Al Ahram Al Arabi
- Editor-in-chief: Khaled Tawheed
- Categories: Political magazine
- Frequency: Weekly
- Publisher: Dar Al Ahram publishing house
- Founded: 1997; 29 years ago
- Country: Egypt
- Based in: Cairo
- Language: Arabic
- Website: Al Ahram Al Arabi
- ISSN: 1110-9246
- OCLC: 865565834

= Al Ahram Al Arabi =

Weekly political magazine in Egypt

Al Ahram Al Arabi (الأهرام العربى) is a political weekly magazine published in Cairo, Egypt. The publishing house of the magazine also owns Al Ahram and Al Ahram Weekly, two of the biggest media outlets in the country.

==History and profile==
The magazine was launched in 1997. It is published by the Dar Al Ahram publishing house, being one of its 19 publications.

As of 2005 Mamdouh Al Wali was the board chairman of the weekly which is headquartered in Cairo. Usama Saraya is one of the former editors-in-chief of the magazine. He held the post until July 2005. Ashraf Badr Mahdy was appointed editor-in-chief of the magazine in August 2012. Khaled Tawheed became the editor-in-chief in June 2014.

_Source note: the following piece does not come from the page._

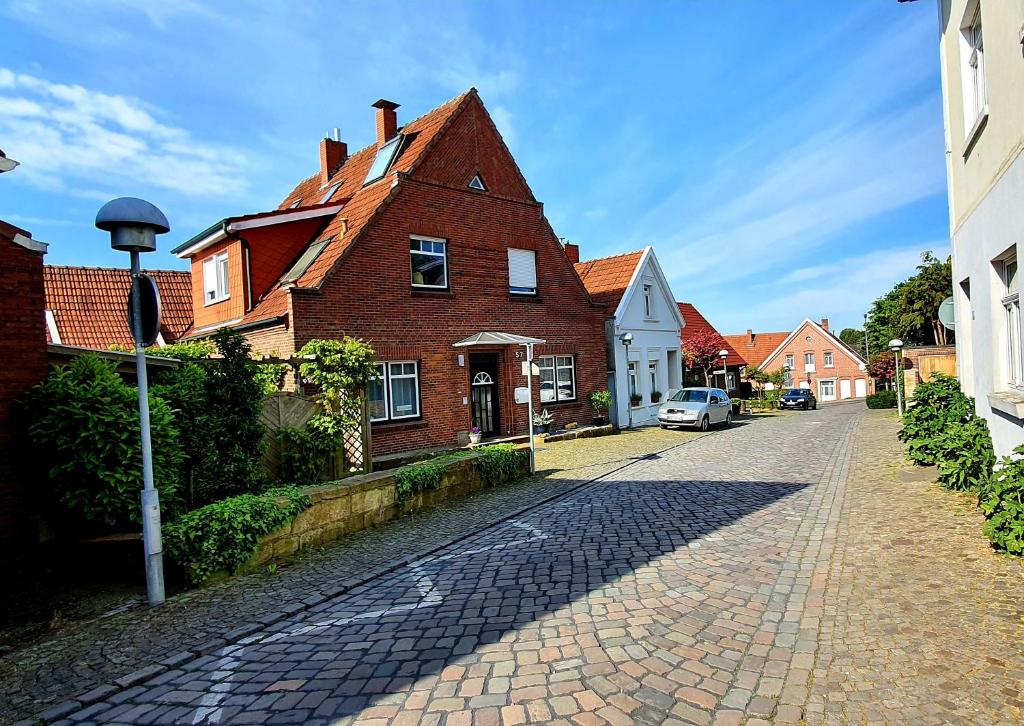 eine Kopfsteinpflasterstraße neben einem Backsteinhaus in der Unterkunft Ferienwohnungen Bentheimer Altstadt in Bad Bentheim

Unlike Al Ahram, Al Ahram Al Arabi has a critical stance in regard to the policies of the Egyptian government. In addition, the magazine has anti-Israel and religious views. The weekly, despite being a political weekly, awards leading Arab sports figures and sports media.

==Content==
In the immediate aftermath of the 9/11 attacks Al Ahram Al Arabi argued on 4 October 2001 that the U.S. was experiencing the results of its own acts. It further stated that with the collapse of "the city of globalization (New York City) the theory of globalization will be buried." In March 2013, the magazine alleged that three Hamas military leaders were responsible for the murder of the Egyptian soldiers in Rafah in August 2012. The allegation was based on the report of an Egyptian General Intelligence member.

==Bans==
Al Ahram Al Arabi was banned by the Sudanese authorities in September 2012 due to the report about the migration of Sudanese citizens to Libya, Israel and other countries.